=== ENTRIES PROVIDED ===

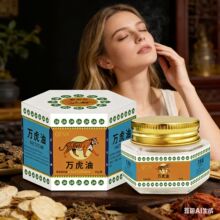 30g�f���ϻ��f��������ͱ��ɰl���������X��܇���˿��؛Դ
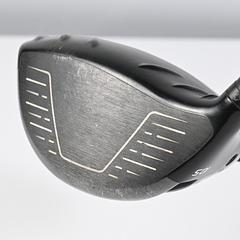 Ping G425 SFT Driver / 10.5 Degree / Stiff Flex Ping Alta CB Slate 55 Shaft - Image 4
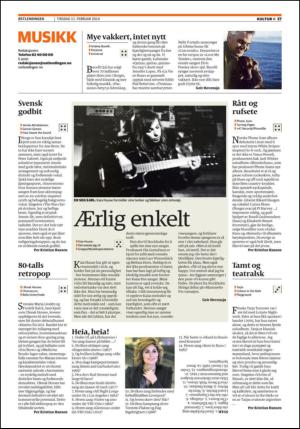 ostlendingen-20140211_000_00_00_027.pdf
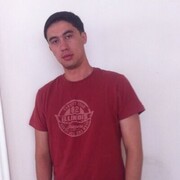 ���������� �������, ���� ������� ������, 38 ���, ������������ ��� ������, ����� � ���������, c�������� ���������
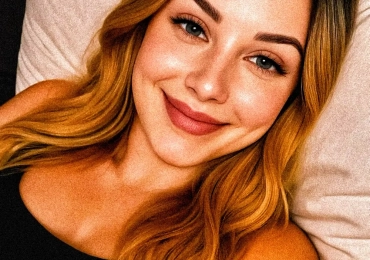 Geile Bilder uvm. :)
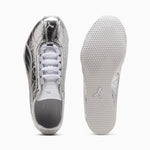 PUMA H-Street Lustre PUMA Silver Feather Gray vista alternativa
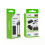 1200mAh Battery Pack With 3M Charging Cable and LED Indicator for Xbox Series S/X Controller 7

===

PROBLEM: Only the lines from the one with "Ping G425 SFT" through the final line of the entries above are to be repeated, exactly as written and without pictures.

WRITTEN RESPONSE:
 Ping G425 SFT Driver / 10.5 Degree / Stiff Flex Ping Alta CB Slate 55 Shaft - Image 4
 ostlendingen-20140211_000_00_00_027.pdf
 ���������� �������, ���� ������� ������, 38 ���, ������������ ��� ������, ����� � ���������, c�������� ���������
 Geile Bilder uvm. :)
 PUMA H-Street Lustre PUMA Silver Feather Gray vista alternativa
 1200mAh Battery Pack With 3M Charging Cable and LED Indicator for Xbox Series S/X Controller 7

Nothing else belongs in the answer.